Monthly Archives: October 2012

Hump day already

I felt puffy this morning, swollen fingers, and feeling sluggish.  Yesterday I got sucked into my half-a-couch.  Home from work, and pouring rain I put on my house pants and wrapped in a fuzzy zebra print fleece blanket.  I had every intention of going to the gym.  But my motivation fell between the couch cushions.  It stayed there while I watched TV and drank the last of the homemade baileys one of my amazing staff had made me for my birthday.  Then I went to bed and watched Twilight.  Bahahaha!  Fell asleep while watching a teenage angst vampire movie.

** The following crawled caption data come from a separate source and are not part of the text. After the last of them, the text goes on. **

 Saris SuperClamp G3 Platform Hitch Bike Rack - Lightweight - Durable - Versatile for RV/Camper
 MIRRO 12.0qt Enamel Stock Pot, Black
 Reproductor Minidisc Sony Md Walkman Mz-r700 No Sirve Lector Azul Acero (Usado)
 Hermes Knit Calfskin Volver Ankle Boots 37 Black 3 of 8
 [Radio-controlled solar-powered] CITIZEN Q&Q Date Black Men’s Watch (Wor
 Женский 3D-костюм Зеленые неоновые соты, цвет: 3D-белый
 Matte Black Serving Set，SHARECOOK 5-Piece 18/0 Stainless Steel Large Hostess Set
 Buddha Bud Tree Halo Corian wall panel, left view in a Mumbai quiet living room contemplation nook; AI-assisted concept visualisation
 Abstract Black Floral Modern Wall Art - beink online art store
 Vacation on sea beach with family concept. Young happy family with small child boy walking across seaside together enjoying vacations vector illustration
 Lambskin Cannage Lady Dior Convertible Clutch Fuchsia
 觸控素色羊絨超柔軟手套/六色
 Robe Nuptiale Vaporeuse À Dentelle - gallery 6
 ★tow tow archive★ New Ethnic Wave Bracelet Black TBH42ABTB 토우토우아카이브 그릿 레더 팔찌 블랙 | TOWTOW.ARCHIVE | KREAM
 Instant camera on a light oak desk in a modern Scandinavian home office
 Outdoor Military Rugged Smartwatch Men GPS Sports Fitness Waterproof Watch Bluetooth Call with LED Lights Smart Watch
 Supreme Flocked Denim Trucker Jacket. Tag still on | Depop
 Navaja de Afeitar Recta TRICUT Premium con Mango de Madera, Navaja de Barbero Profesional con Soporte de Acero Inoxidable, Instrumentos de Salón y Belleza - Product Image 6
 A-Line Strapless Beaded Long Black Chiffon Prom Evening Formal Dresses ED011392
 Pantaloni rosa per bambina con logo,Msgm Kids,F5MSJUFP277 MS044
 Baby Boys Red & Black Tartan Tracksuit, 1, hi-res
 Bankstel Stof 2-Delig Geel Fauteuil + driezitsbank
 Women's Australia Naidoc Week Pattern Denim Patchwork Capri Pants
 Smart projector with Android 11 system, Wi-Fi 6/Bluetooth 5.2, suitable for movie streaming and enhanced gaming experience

The last week has been filled with gluttony and sloth.  Managed a couple runs but have been eating wayyyyyyy too much.  It was worth it.  I have the worlds best friends, hands down wonderful.  They planned a surprise party for me friday night.  I had NO idea.  Apparently it’s been planned for quite some time.  THANK YOU!  L&T, You are amazing!  Everyone else who helped and showed, so touched.  Plus all the messages and phone calls, I really felt loved. I was speechless, that NEVER happens to me.    Although in retrospect I did think I was odd when I phoned my m&d and they knew it was my birthday.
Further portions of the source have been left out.